Hala Salem Darwish, 18, is on life support inside Al-Aqsa Martyrs Hospital in Deir al-Balah, Gaza. Another Palestinian, 13-year-old Mohammed Sabr al-Sheikh, is fighting for his life in a hospital in the occupied West Bank.
Hala was preparing dinner for her family and Mohammed was playing football when Israeli snipers shot them in the head.
Recommended Stories
4 item listend of list
Their stories, spanning a distance of approximately 100 km (62 mi), highlight the persistent and deadly violence faced by Palestinian youth in the occupied Palestinian territory.
Hala: A shattered marriage
Hala, who was taking refuge in the Maghazi refugee camp in central Gaza, was looking forward to her wedding on May 1. The youngest daughter in her family, she had already prepared her mehendi and finalized the preparations for the celebration.
Those plans were shattered when an Israeli sniper stationed east of the camp shot her in the head while she was preparing dinner inside her home near a clinic run by the United Nations Refugee Agency for Palestinians (UNRWA). She could join the more than 72,000 Palestinians killed by Israel since October 2023. About 40,000 of those killed were women and children.
“She had prepared everything for the henna, the wedding and all those traditions you know,” Mohammed Abu Jabr, a journalist and relative of Hala’s fiancé, told Al Jazeera.
“But the pill ended this dream.” Hala remains on life support in the intensive care unit of Al-Aqsa Martyrs Hospital in critical condition.

In the occupied West Bank, a similar tragedy occurred in the Jalazon refugee camp on 9 April. Thirteen-year-old Mohammed was playing outside his home when Israeli forces raided the camp amid heavy shelling.
Mohammed was shot in the head by an Israeli sniper.
“The bullet hit him in the head and went out,” his father Sabr al-Sheikh told Al Jazeera.

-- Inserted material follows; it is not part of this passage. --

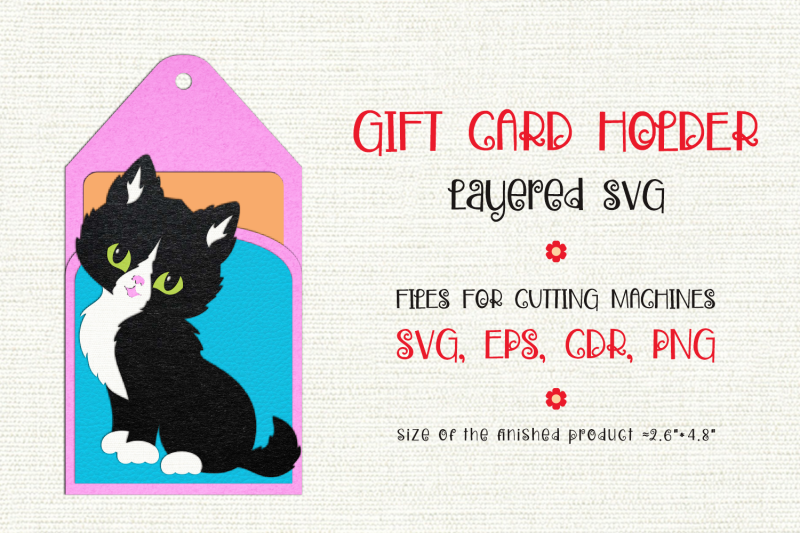 beautiful-cat-gift-card-holder-paper-craft-template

Mohammed is currently receiving treatment at the Istishari Arab Hospital in Ramallah in the occupied West Bank. Dr. Abdel Wahab Kharousha said the collision was so severe that part of the boy’s brain came out of the wound.
Mohammed remains under constant anesthesia in the Neurology Intensive Care Unit to control pressure on his brain. His father said, “Mohammed is a hard-working boy.” “He loved playing football…There was no shortage of doctors.”
A systemic impact on youth
The shootings of Hala and Mohammed are part of a broader increase in Israeli violence against Palestinian minors.
On Tuesday morning, 16-year-old Mohammed Majdi al-Jabri was killed when he was hit by a vehicle in the security convoy of an Israeli minister in Hebron. According to reports, the vehicle belonged to the company providing security to Settlement Minister Orit Strock.
At least four Palestinians, including two boys aged 14 and 16, were killed in attacks by Israeli forces and settlers in the occupied West Bank on Tuesday. In Gaza, at least seven Palestinians, including a child, were killed in a series of attacks despite a “truce” from October 2025. Israel has killed nearly 800 Palestinians in violation of the US-brokered “ceasefire”.
Israeli forces have killed 237 children in the occupied West Bank between October 2023 and mid-April, according to the Palestinian government’s media office.
Palestinian journalist Maryam Barghouti said Israel has launched “intense and increasingly violent” attacks in the occupied West Bank “with the aim of evicting Palestinians from their homes and lands.”
Thousands of Palestinians have been displaced by increased settler violence and Israeli actions in the West Bank. More than 700,000 residents live in illegal settlements built on private Palestinian land. The settlements are considered illegal under international law and are seen as the biggest obstacle to the realization of a Palestinian state as part of the so-called two-state solution.
Israeli soldiers have used sexual exploitation to force Palestinians from their homes in the occupied West Bank, a group of international humanitarian organizations said in a report published on Monday.
“Sexual violence is used to pressure communities to make decisions about whether to leave their homes and lands, and to change patterns of daily life,” report Said.